読売新聞オンラインが昨年12月16日夜、『スポーツ賭博「日本になじまない」…超党派の議員連盟がPT設置、「禁止徹底」に向け法整備も視野に検討』という見出しでこう報じている。
『スポーツの勝敗などが賭けの対象となる「スポーツベッティング(賭博)」が国内外で横行していることを受け、超党派の国会議員で作るスポーツ議員連盟(会長・麻生太郎元首相)が16日、プロジェクトチーム(PT)を設置し、刑法に抵触する違法なスポーツ賭博の禁止徹底へ向けて議論を始めることを決めた。賭博絡みの不正から選手や審判らを守るため、法整備も視野に検討する。
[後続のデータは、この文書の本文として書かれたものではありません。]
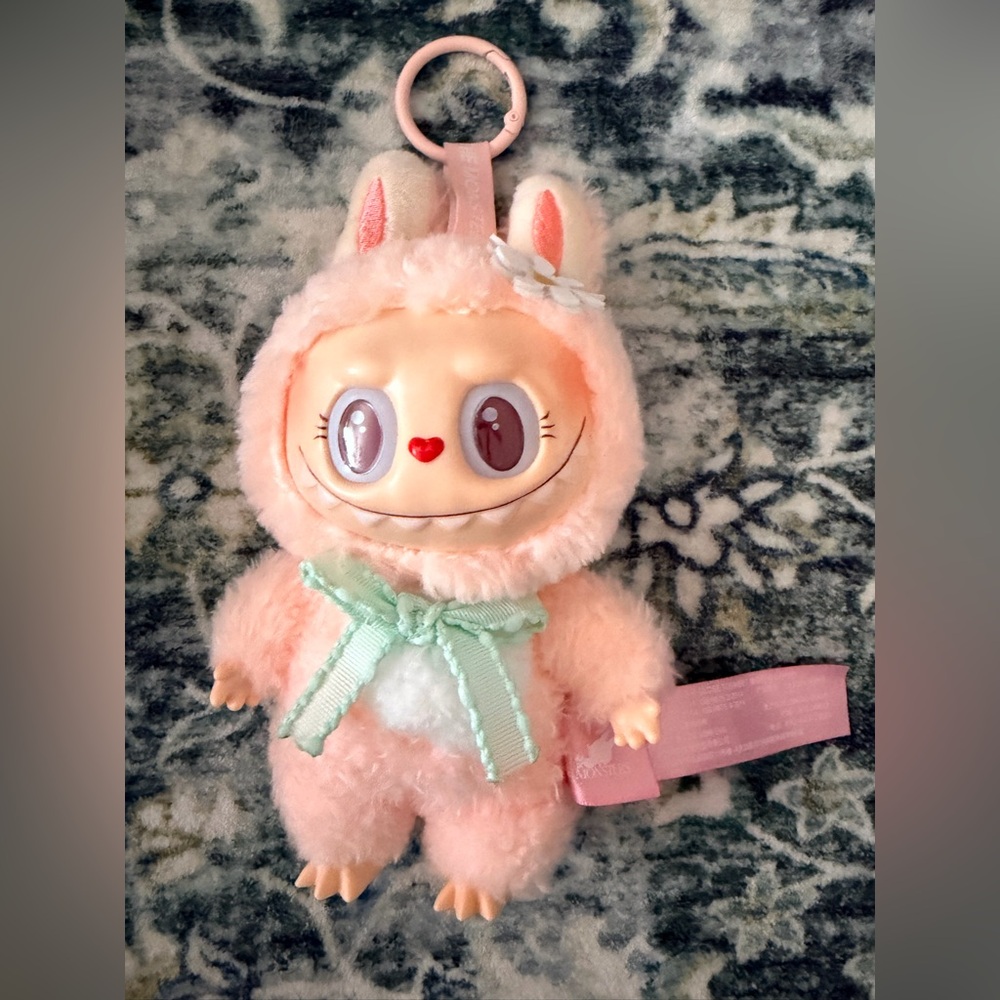 Momoko Lafufu Plush Keychain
議連は同日、国会内で役員会を開き、「日本でスポーツ賭博はやらない」と確認。日本以外の先進7か国(G7)でスポーツ賭博は合法だが、「日本になじまない」と一線を画す方針を明確にした。賭博の対象にされる選手や関係者を守る枠組み作りの必要性も共有した。PTの座長に自民党の山下貴司元法相が就任し、年明けから専門家も交えて議論し、国の取り組みを加速する』
導入どころか、規制の方向に政界は動いている。「日本になじまない」と誰が決めたのか? 海外では合法な行為を「横行」と表現する態度にも作為を感じる。もちろん、スポーツの健全な発展は最重要テーマだ。私だって、八百長も依存症も望まない。しかし、現実には賭け以前にスポーツはその熱狂性によって「スポーツ依存症」を蔓延させている。ファンが依存症になり、ビジネス側はそこに付け込んで巨費を稼ぐ。そのことを問題にしないのはいかにも経済的支配者の横暴だと、素朴にスポーツを愛する私などは深く懸念する。スポーツビジネスの巨額化は歓迎・推進され、スポーツは素朴さをどんどん失っていく。それは彼らには問題とは映らないのだろう。
日本がもしスポーツベッティングを導入しないなら、それに代わるスポーツ財源を創出するアイデアを早急に出すのが当然の責務ではないかと問いかけたい。
しかもこうした議論や決定が水面下で行われ、国民そしてスポーツファンがまったく議論に参加できない不思議な世情を打破しなければ、スポーツが本当の意味でみんなのものにはならない。